His promise to slash tax, ramp up infrastructure spending and wipe out the red tape was one of the key drivers of a global markets rally in the months after Trump’s November election win.

Mnuchin’s comments came a day after data showing forecast-busting growth in the US economy and private-sector jobs, helping put aside Tuesday’s North Korean missile launch over Japan that fanned fresh geopolitical tensions.

“After an interesting month of increased market volatility, heightened geopolitical tensions, a monstrous storm in Texas and Louisiana and rising uncertainty about the political situation in the US and around the debt ceiling, stocks closed out the month with a rally,” said Greg McKenna, chief market strategist at AxiTrader.

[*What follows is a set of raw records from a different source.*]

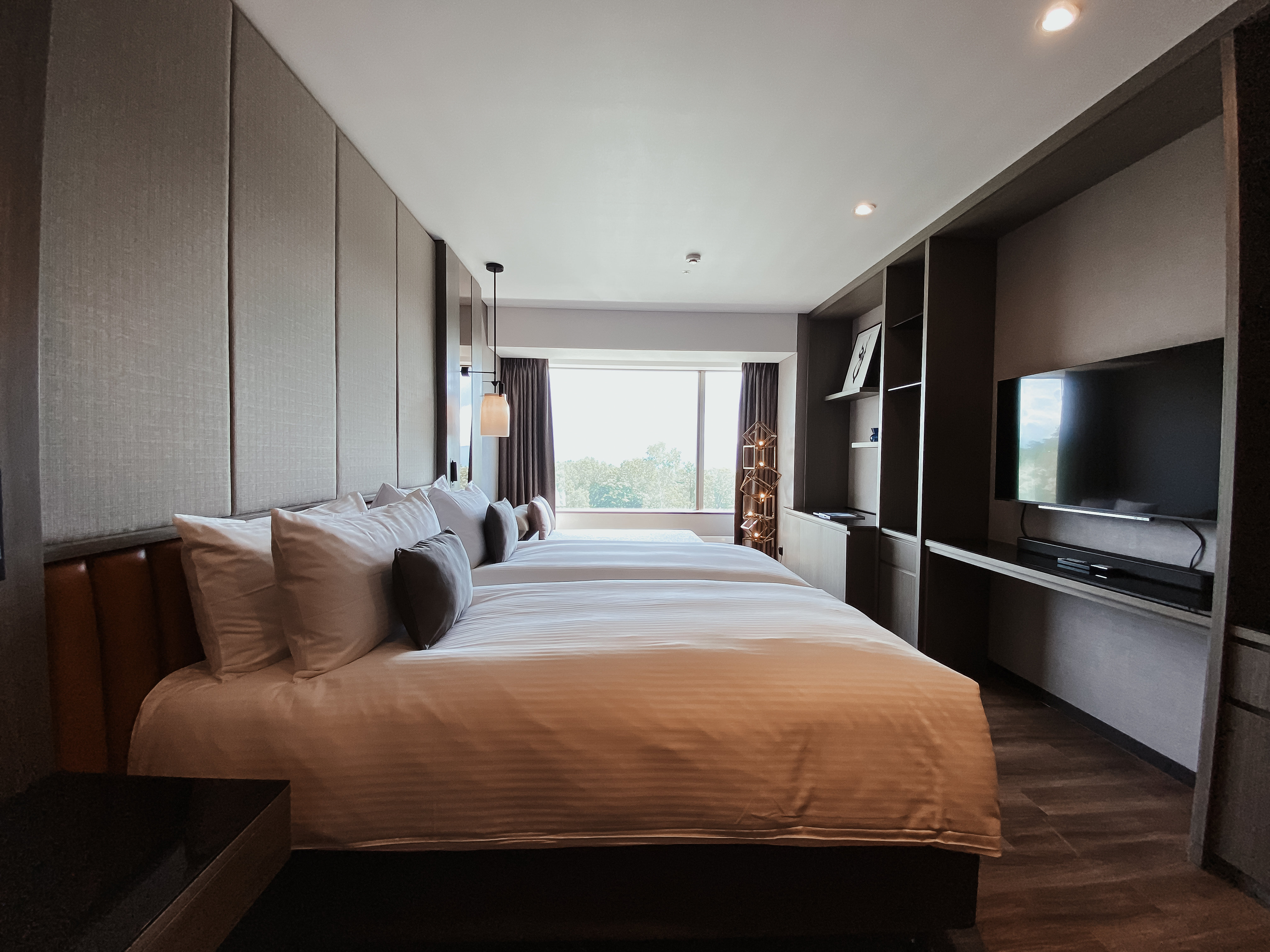 HINODE HILLS NISEKO VILLAGE-guestroom-Deluxe Room.jpg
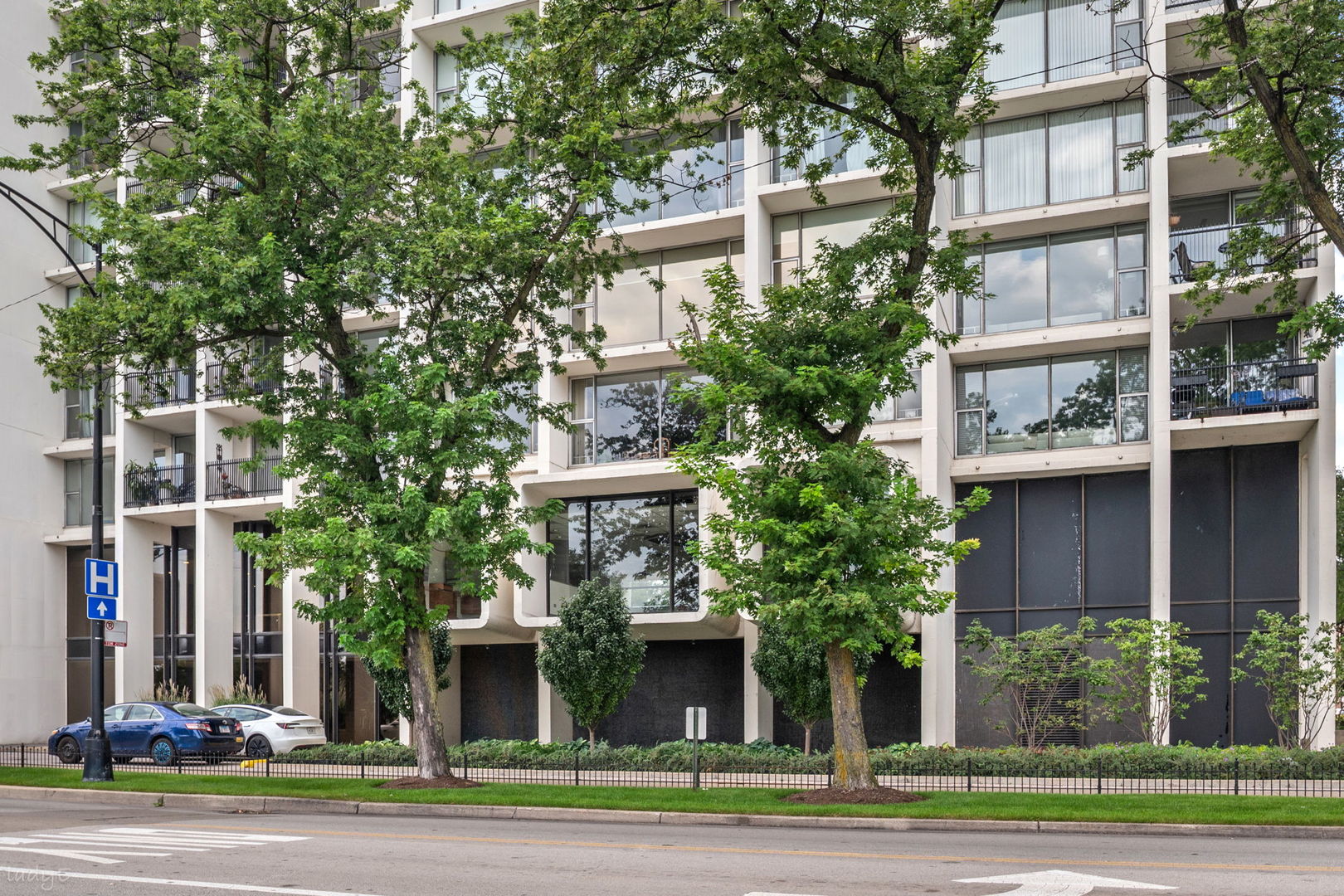 3200 N Lake Shore Drive 225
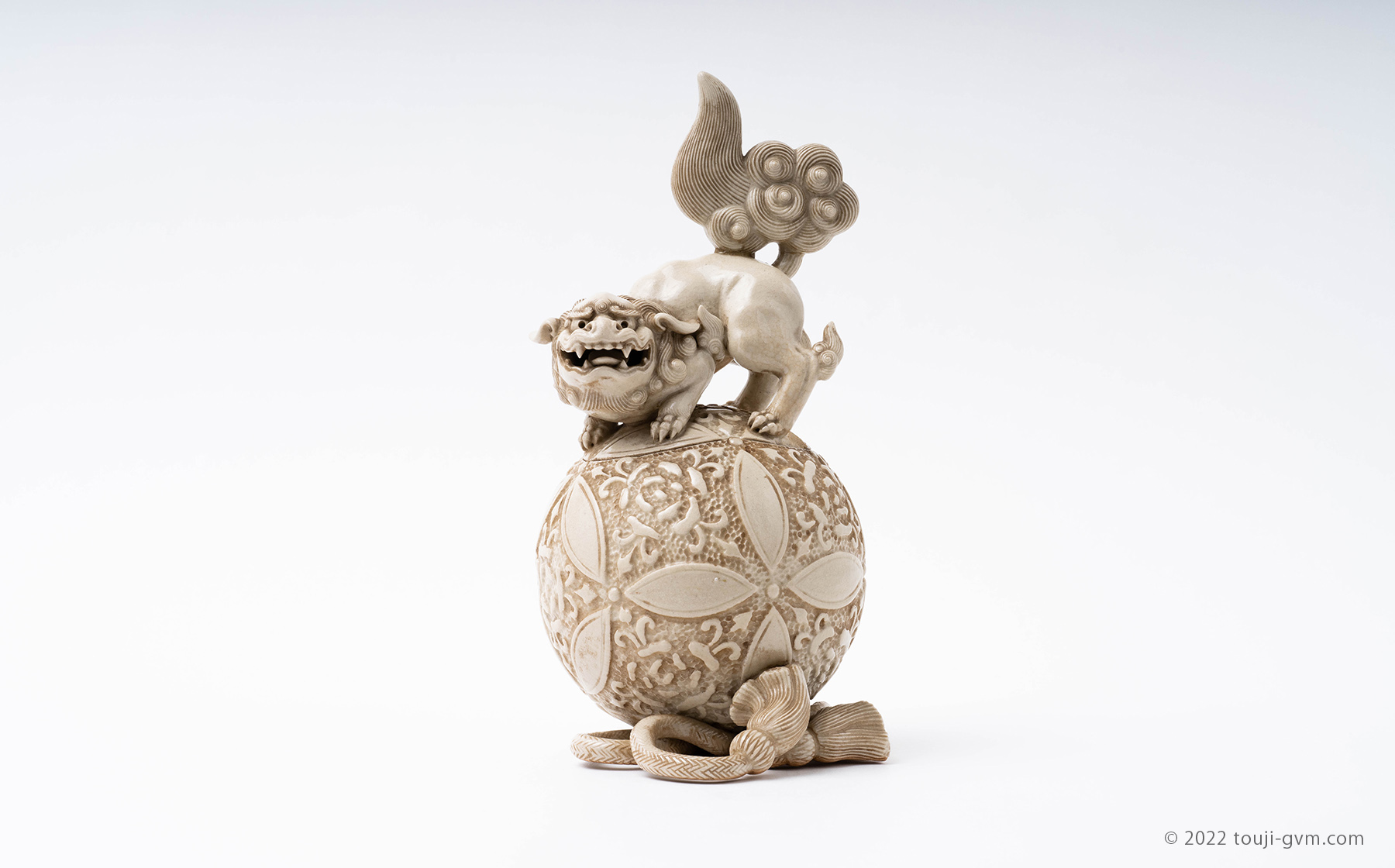 白備前獅子香炉 – White Glaze Bizen Ware Censer | 陶磁オンライン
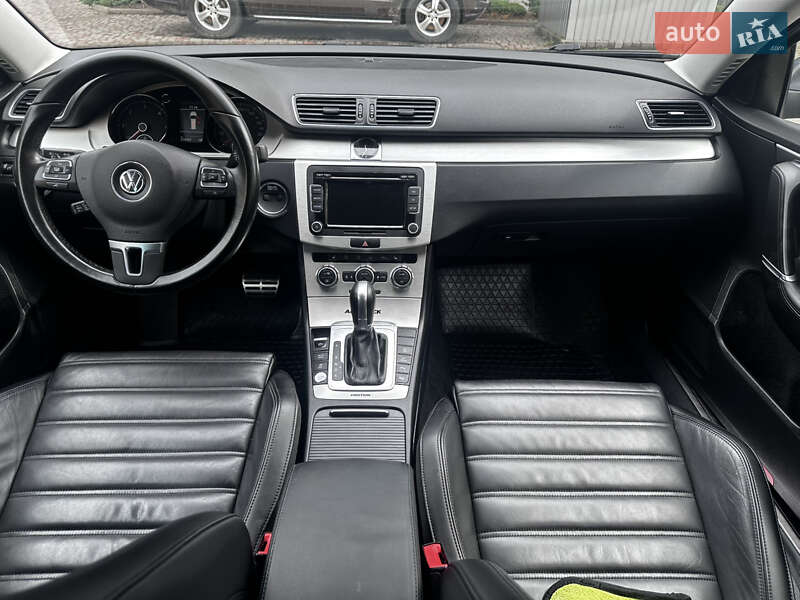 Универсал Volkswagen Passat Alltrack 2014 в Ровно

Investors are keeping tabs on Washington, where a fractured Congress must agree to raise the country’s borrowing limit to avoid a disastrous government shutdown and possible debt default. – Dollar struggles – On equity markets, Tokyo’s Nikkei ended the morning 0.2 percent higher, while Hong Kong added 0.3 percent and Shanghai put on 0.4 percent, with Sydney 0.1 percent higher. But Seoul slipped 0.2 percent and Wellington gave up 0.1 percent. The dollar struggled to maintain on Thursday’s strong performance, with the euro and Japanese yen putting a dent into its initial gains.

The single currency was back above $1.19, having fallen to around $1.1850, while the greenback sat around 110 yen, down from its 110.50 levels Thursday.

The greenback was also down against most other currencies, with the Canadian dollar up 1.5 percent thanks to better-than-expected economic growth in Canada, while its Australian counterpart was almost one percent higher.

While Mnuchin’s comments were positive for the US unit dealers took note of data showing US inflation remained tame, fuelling talk that the Federal Reserve may hold off raising interest rates for the third time this year.

Markets will get a better idea about its plans with the release of the government’s non-farm payrolls figures later Friday.

Oil prices resumed their downward momentum as dealers assess the impact of Hurricane Harvey on the crude-rich Gulf Coast, with dozens of refineries out of action meaning the commodity cannot be processed.